So we spent the night at a friend’s cabin on a lake. I have never really been to “the lake” before. It was a good time. Pure hedonism (at a family level) – no worries about nutrition, hydration, sobriety… overall, as much fun as you can have with your children, less than two hours from home.
The highlight was definitely tubing behind the boat. I wasn’t going to do it, it being a lake, which is cold, and icky, and deep, and full of living creatures, but I decided that I couldn’t let the rest of my family have adventures I wasn’t willing to parktake in, so I climbed on. It was terrifying and exhilirating, and I think Jack (who was on with me) and I bonded a little. Of course, I went in the drink trying to get back in the boat, and am still trying to warm up. Seriously as much fun as I’ve ever had in water (easily tying with the water slides at the hotel in last weekend which were also Big Fun).

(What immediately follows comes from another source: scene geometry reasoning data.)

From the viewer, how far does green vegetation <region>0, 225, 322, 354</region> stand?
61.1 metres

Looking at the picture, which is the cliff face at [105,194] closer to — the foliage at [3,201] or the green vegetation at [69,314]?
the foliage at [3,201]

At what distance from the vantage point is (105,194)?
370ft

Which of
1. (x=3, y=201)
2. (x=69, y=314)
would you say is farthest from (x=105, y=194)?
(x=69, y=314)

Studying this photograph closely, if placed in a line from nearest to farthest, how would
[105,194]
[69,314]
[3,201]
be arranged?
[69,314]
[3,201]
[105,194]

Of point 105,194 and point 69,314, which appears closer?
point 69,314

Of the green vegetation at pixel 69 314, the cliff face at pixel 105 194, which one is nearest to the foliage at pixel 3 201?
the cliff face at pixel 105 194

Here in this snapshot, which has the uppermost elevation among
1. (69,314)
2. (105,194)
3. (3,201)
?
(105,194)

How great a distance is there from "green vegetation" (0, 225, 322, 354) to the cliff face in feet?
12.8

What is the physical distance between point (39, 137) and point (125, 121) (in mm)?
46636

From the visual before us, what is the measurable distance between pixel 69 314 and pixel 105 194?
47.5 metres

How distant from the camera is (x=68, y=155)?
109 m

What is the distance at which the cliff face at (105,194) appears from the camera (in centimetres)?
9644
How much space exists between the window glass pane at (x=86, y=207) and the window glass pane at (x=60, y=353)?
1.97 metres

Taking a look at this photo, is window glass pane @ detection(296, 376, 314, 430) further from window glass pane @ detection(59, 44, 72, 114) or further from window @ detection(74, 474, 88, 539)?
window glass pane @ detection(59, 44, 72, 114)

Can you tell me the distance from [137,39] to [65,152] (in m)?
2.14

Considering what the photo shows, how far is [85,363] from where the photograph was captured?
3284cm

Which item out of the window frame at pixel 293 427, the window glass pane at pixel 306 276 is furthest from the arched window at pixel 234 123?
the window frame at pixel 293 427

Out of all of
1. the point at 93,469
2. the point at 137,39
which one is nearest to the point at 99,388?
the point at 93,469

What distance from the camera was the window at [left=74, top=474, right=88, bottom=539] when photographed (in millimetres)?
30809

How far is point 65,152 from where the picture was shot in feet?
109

The lowlight was definitely the time alone with the kids – one of them in particular – especially on the way there. He knows exactly how to push everyone’s buttons and is capable of showing the most base and vile kinds of disrespect that a seven-year-old could possibly imagine. Blatant and purposeful disregard for the rules and limitations we set, with shameless and ostentatious celebration when he gets caught. Consequences don’t seem to mean anything, and I think we’re pretty good at enforcing them, but telling your mother to shut up? It should earn you life in Azkaban! Anyway, I tried hard to reinforce the good stuff, because when we were with the other family it was fine, he was normal and polite and friendly (it’s why no one else believes he has rage issues), but he ended up ruining it again when we got home by using language that he’s been specifically told is unacceptable on many occasions. Maybe we expect too much, and need to remember to remind him constantly what is acceptable and what is not, or maybe we are not firm or consistent enough in meting out the punishment. In any case, the only thing that hasn’t really been tried is spanking, and I think it may be next. I am at a loss. I am about to give up and let him run with the wolves, focus my attention on the salvageable child. Talk me out of it, please.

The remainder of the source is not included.